Any business counts on certainty in its contracts. In-house counsel must ensure that any agreement that their company enters into contains a clearly delineated set of rights and obligations. As a result, both internal and external lawyers pore over the minutiae of each contract, exchanging redlined drafts with points that may never have any relevance. This is only after the struggle over which attorney's basic form agreement to use as a starting point for an agreement.
Although this battle over the forms can seem like a waste of time and resources, it plays a crucial role in the ultimate agreement between the parties. This is because each lawyer's form contains a variety of “boilerplate provisions” that are simply cut and pasted from agreement to agreement. The term “boilerplate” connotes standardized, one-size-fits-all provisions. These “standard” provisions, which may be lengthier than the sections detailing the relevant economic terms, are generally not the subject of negotiation, or in some cases even review by the respective lawyers.
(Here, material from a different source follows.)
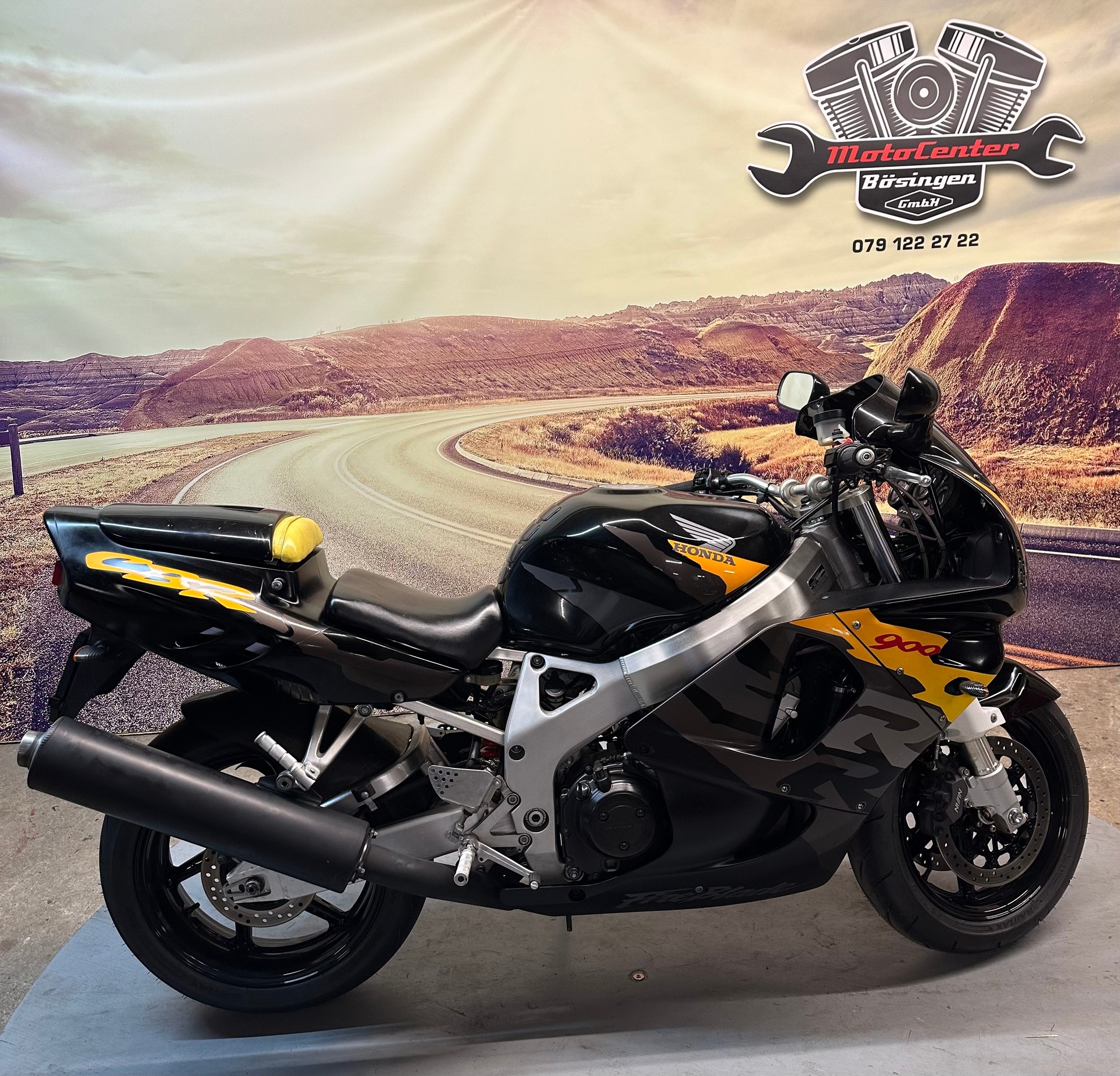 HONDA CBR 900 RR T/V Fireblade-image-0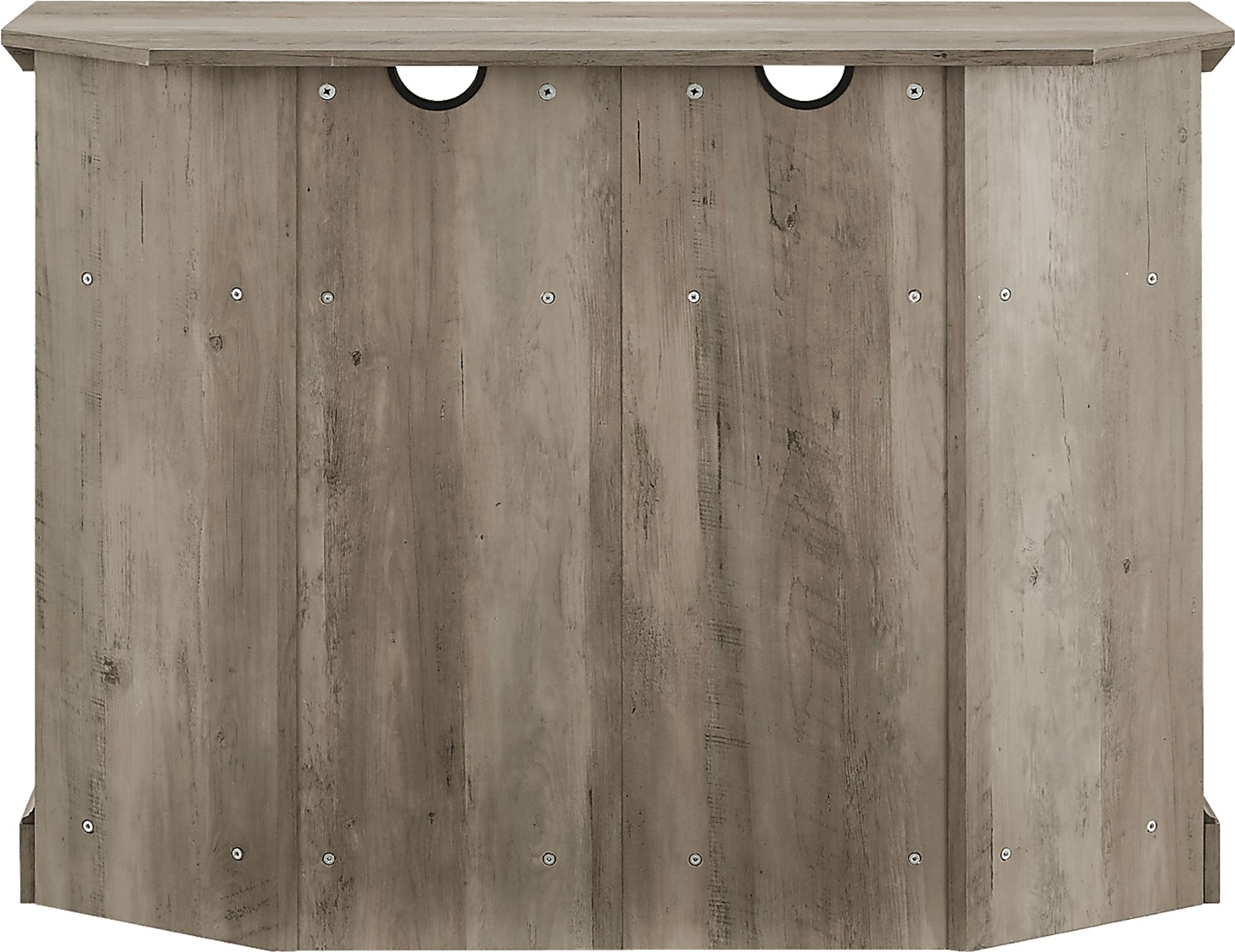 Beaconsdale Gray 44 in. Console - Image 3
The merger clause as compared to the non-reliance provision
Merger clauses, also known as integration provisions, are fairly standard in commercial agreements and have nothing to do with the busing of students or the combination of two companies. The typical language may read similar to this statement: "This written agreement expresses the entire agreement between the parties with respect to the subject matter contained herein, and supersedes any prior written or unwritten agreements between the parties or their affiliates with regard to the subject matter of this Agreement."